Correct, but it’s semantics. Most people just think all AI is generative these days, and so I’m trying to differentiate.
Well there is what people think and then there is reality
Yes, but people are reading Lemmy and responding in this thread.
In the old sense of the word, we don’t have an actual AI yet, but it’s true that LLM and AI have become interchangeable.
All AI is actual AI. It doesn’t need to be real intelligence to be artificial, should be obvious. Are you telling me artificial grass shouldn’t be called that because a goat can’t eat it?
No, he’s questioning the intelligence part and not if it’s artificial or not.
Do you question the grass part of artificial grass? It’s obviously not grass.
Except it is a fairly good artifice of grass. “AI” is not a good artifice of intelligence. GAI would be, but not LLMs or anything else we have today. They aren’t trying to mimic intelligence. They’re trying to mimic the output of intelligence. They don’t think; they reproduce.
Good for what? Looking at? It’s not gonna satisfy a goat.
We only care for the look (“the output”), and we don’t expect more of it, or sell it for more than it is. That’s why it’s not a controversial term for astroturf. It wasn’t controversial for AI either until very recently. In 60 years of AI nobody has split hairs over output of intelligence. It’s justified but weirdly misdirected anger.
AI is a perfectly cromulent word for the thing.
Mostly for the thing we care about grass for: looking at and touching. We don’t grow grass to feed goats. We grow grass for the appearance of grass. It serves no practical purpose in most places where grass is grown. Obviously it does have a place in nature, but not where you’re putting artificial grass. The only purpose in those places was touch and appearance. It handles that fine.
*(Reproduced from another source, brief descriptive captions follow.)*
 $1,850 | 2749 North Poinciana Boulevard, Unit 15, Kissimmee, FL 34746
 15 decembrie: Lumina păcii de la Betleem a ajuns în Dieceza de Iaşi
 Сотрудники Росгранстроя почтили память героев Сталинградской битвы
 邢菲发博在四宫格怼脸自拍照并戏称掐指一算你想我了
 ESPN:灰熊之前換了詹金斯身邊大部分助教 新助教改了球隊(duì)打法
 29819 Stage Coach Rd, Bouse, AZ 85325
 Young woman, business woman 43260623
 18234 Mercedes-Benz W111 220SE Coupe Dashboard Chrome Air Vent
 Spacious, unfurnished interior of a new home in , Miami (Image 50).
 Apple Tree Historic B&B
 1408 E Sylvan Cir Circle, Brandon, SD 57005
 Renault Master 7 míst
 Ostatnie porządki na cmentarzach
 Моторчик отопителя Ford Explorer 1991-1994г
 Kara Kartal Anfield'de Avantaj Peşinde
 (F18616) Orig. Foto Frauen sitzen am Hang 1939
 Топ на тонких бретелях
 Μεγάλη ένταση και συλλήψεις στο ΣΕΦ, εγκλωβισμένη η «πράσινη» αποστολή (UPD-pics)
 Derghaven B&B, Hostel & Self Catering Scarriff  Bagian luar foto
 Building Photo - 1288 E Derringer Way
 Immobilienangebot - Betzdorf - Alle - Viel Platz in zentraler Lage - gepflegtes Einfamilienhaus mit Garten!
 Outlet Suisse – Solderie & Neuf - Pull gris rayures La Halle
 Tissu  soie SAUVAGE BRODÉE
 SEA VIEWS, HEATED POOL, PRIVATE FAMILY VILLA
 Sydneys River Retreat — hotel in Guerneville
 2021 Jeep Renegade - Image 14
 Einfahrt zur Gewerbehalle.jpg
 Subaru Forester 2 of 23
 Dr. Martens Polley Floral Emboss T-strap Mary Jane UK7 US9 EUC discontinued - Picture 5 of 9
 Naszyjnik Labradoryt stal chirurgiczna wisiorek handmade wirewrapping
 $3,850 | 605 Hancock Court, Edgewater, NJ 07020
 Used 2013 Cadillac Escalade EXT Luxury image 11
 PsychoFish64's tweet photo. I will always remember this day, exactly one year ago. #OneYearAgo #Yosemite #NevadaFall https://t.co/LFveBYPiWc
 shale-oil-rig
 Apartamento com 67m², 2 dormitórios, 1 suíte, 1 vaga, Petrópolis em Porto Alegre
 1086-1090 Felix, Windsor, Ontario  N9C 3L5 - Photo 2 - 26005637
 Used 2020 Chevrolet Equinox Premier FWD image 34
AI is a perfectly good term. It’s just an overused one. It was great when it was in academia, and everyone knew what it meant, or in a sci-fi story, and people didn’t think it existed. It’s currently been used as a marketing term. People hear it and think it’s intelligent. It isn’t. The goal of using it for marketing was to create this distortion. They don’t care to inform people of the meaning because the only reason it’s valuable is because of the confusion.
I’d even argue that generative AI is machine learning, except the learning stops when the training does so it’s not learning continuously like ML in the classical sense.
Inference and training are separate in every ML architecture, what are you on about? And yes LLMs are ML, by definition, no need to argue.